Untuk bab ketiga tentang tantangan ke depan dijelaskan antara lain adanya perubahan iklim global yang mengakibatkan terjadinya pola cuaca yang sangat sulit diprediksi, sehingga dalam pengelolaan data dan informasi H3 diperlukan data yang lengkap, akurat, intensif dan diperoleh dengan tepat waktu serta dapat disampaikan kepada pemilik kepentingan.
Pasalnya, dengan tersedianya data seperti itu nantinya akan mendukung tersedianya informasi yang komprehensif dalam rangka melakukan adaptasi terhadap variasi dan perubahan iklim.

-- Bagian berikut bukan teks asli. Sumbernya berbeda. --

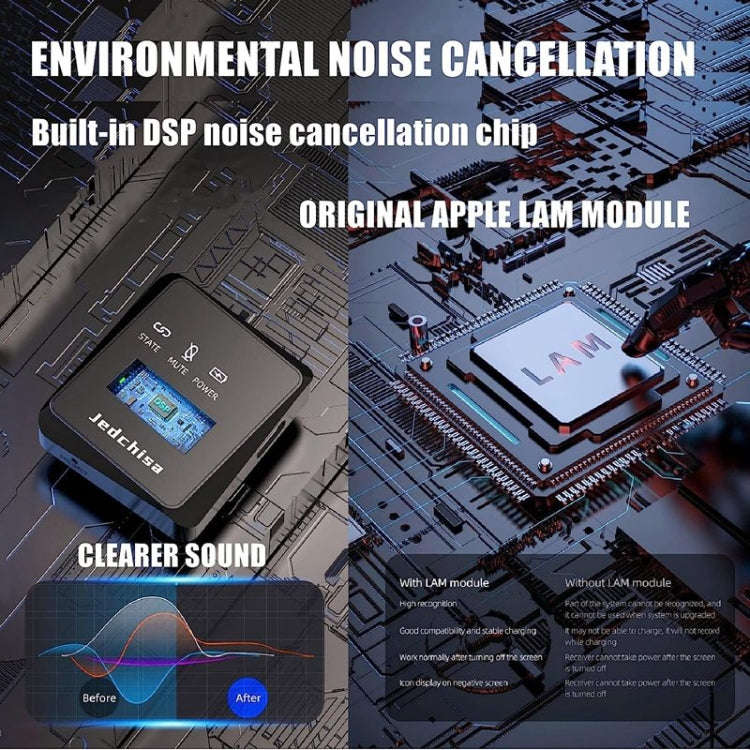 3 in 1 Mini Wireless Lavalier Microphone for iPhone / iPad / Android / PC Camera, One by One, One...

Disamping itu, tantangan ke depan lainnya adalah meningkatnya intensitas penggunaan air, pencemaran air, terjadinya bencana banjir, kekeringan dan tanah longsor menuntut peningkatan pengamatan data dan informasi H3 yang intensif baik dari waktu maupun parameternya.Juga diperlukan peningkatan kemampuan dalam melakukan prakiraan dan peringatan dini yang akurat.
Keragaman karakteristik geografi dan perkembangan wilayah, antara lain terjadinya alih fungsi lahan, pemekaran wilayah dan perkembangan penduduk memerlukan jaringan pengelolaan data dan informasi H3 yang lebih luas dan terjangkau.
Sementara di bab keempat tentang rumusan pokok-pokok kebijakan dijelaskan bahwa kebijakan pengelolaan SIH3 pada tingkat nasional meliputi kebijakan pengembangan kelembagaan, kebijakan peningkatan tata laksana, kebijakan pemanfaatan ilmu pengetahuan dan teknologi, kebijakan peningkatan pembiayaan serta kebijakan peran masyarakat dan dunia usaha.
Dalam bab kelima dijelaskan bahwa kebijakan pengelolaan SIH3 pada tingkat nasional merupakan arahan strategis pengelolaan data dan informasi H3 yang merupakan bagian dari sistem informasi SDA untuk jangka waktu 2010 – 2030.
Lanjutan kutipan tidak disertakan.